Ann Black reviews Labour’s Democracy Review
As I write, I have no idea how the 120 recommendations in the party democracy review will be presented to conference. Some translate into specific rule changes, others less so. I also do not know if conference will be able to vote separately on individual proposals, or just Yes or No to the whole package. So what follows is mid-August speculation.
Electing the leader is clearly on the agenda, with a recommendation that where there is a vacancy, candidates would require nominations from 10% of MPs/MEPs or 5% of MPs/MEPs plus 10% of CLPs or 5% of MPs/MEPs plus 10% of trade union-affiliated membership from at least three unions. This will be carried. The events of June 2016, following the Brexit vote and the failed leadership challenge, left many members with a deep distrust of the parliamentary party. Last year conference reduced the percentage from 15% to 10%, and this now gives a formal role to other stakeholders.
Registered supporters also look set to stay, and people would have at least two weeks to sign up as members or supporters after the timetable is set. Longstanding members are still unhappy with “the £3 people” getting the same rights as the £50 a year people, and want a period of commitment before being entitled to vote, but those arguments are lost. It should be noted that registered supporters were actually introduced by Ed Miliband, with opposition from the left and enthusiasm from the right, and the NEC itself waived the qualifying period for leadership elections in 2007 and 2010. But either way it is better to have these in the rulebook rather than haggled out in seven-hour NEC meetings with candidates themselves voting for their own advantage.
I do, however, hope to avoid by-elections for every vacancy on the NEC. In the constituency section OMOV elections would cost six-figure sums, and there have been as many as three vacancies in a single year, mostly benefiting runners-up from the left. It would also ensure that the 62% of members who voted for Jeremy Corbyn in 2016 would currently retain 100% of the places. Tony Blair never quite eliminated all dissent, and it would be ironic if Jeremy Corbyn were now to succeed. As an alternative I would support elections by single transferable vote to give the runner-up greater legitimacy, and I am happy for the unions, who can fill vacancies quickly and cheaply, to make their own arrangements.
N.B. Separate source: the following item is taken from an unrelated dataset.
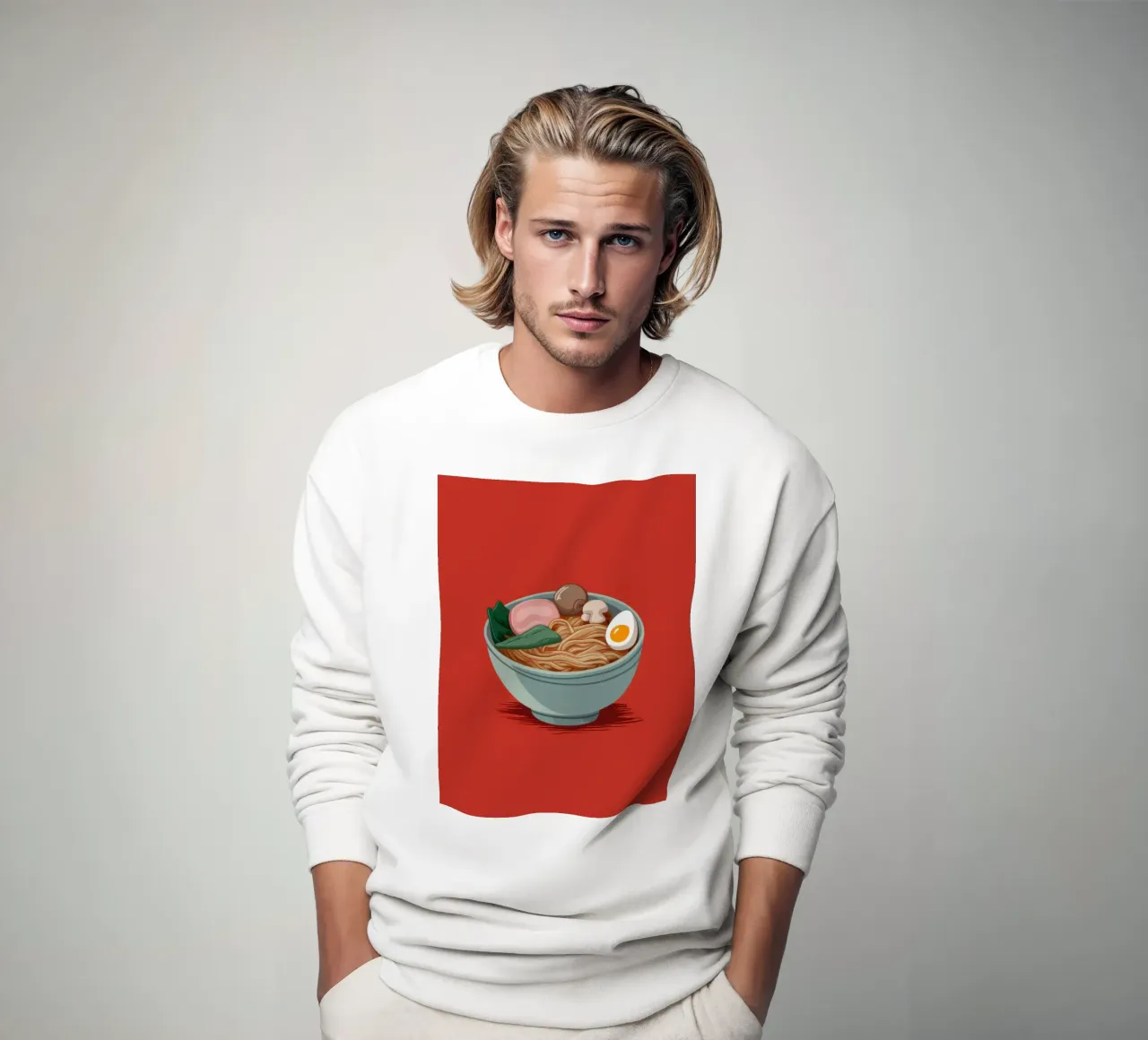 Semplicità del Ramen Cremisi felpa da Nova Glaze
And political diversity matters, as much as any other dimension. Here there are many good points about empowering women, ethnic minority, LGBT+, disabled and young members, but the answer is, too often, another committee. The review says, rightly, that members want the party demystified, with simple booklets explaining how it works, and then constructs interlocking cat’s-cradles of mind-boggling complexity. I remain to be convinced that these will produce greater external engagement. And while the review recommends dismantling the national policy forum, it does not outline any intermediate structures connecting half a million individual members with an NEC policy committee of maybe 20 people. I assume this is still work in progress.
Conference will also discuss rule changes in two areas where the review is silent. The first seeks to guarantee at least one woman in the leadership team, agreed in principle in 2011 but never carried to a conclusion. The second is selection and reselection of MPs and parliamentary candidates, covering a range of points on which the NEC has not, as yet, taken a position. And finally, on policy, I believe that this year’s conference must have a full debate, with meaningful votes, on Brexit.